A expectativa para a decisão do Copom (Comitê de Política Monetária) desta quarta-feira (5) é de continuidade do ciclo de flexibilização dos juros, segundo análise de Bruno Perri, economista-chefe e sócio-fundador da Forum Investimentos.
Para o especialista, o Banco Central deve reduzir a taxa Selic em 0,25 ponto percentual, apoiado pela melhora dos indicadores recentes de inflação, pela desaceleração da atividade econômica e pela reversão parcial da alta nas expectativas para o IPCA.
“A minha expectativa é de mais um corte de 25 pontos-base, sustentado principalmente pela melhora nas leituras mensais do IPCA, pela moderação do ritmo de atividade econômica e pela reversão ainda que parcial do movimento de alta das expectativas para o IPCA”, afirmou.
Fed e Copom
Segundo Perri, a decisão do Federal Reserve (Fed), banco central dos Estados Unidos, não deve influenciar diretamente a decisão do Copom. Para ele, o comunicado do Fed trouxe uma postura mais dura, com preocupação em relação à inflação e indicação de que os juros americanos podem voltar a subir nos próximos meses.
Embora tenha considerado o tom do Fed mais conservador, o economista avalia que o resultado permaneceu dentro das expectativas do mercado. Dessa forma, o Banco Central brasileiro deve manter uma postura cautelosa na condução da política monetária.

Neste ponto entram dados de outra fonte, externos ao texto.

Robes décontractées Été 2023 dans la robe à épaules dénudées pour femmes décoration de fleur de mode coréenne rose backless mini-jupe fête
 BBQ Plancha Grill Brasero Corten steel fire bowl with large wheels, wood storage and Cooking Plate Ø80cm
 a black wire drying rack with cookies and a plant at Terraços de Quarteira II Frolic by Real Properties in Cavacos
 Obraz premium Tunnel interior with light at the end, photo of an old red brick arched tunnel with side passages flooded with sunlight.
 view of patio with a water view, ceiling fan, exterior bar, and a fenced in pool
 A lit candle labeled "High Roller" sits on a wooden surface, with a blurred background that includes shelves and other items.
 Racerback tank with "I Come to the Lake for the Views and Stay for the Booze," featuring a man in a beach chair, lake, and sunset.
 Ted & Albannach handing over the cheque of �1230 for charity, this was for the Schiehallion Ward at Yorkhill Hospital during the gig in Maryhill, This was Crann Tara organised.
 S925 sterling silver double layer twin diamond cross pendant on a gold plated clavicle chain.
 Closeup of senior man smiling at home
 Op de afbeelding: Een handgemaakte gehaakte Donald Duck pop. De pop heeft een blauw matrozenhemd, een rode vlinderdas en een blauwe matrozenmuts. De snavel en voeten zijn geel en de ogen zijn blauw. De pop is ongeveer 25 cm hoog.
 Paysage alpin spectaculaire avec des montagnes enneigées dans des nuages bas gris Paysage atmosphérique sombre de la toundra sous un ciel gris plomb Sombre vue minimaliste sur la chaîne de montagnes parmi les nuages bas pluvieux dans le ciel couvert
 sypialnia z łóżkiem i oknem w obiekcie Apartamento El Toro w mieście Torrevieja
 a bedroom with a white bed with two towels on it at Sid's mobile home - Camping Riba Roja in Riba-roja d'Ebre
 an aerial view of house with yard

Inflação e atividade econômica abrem espaço para corte
Na avaliação de Perri, a dinâmica recente da inflação permite uma redução da Selic nesta reunião.
O economista destaca principalmente a melhora dos núcleos de inflação, o comportamento dos preços de serviços, a moderação da atividade econômica e uma acomodação do mercado de trabalho.
Além disso, ele ressalta que, mesmo com uma eventual redução, a taxa de juros continuará em um nível restritivo.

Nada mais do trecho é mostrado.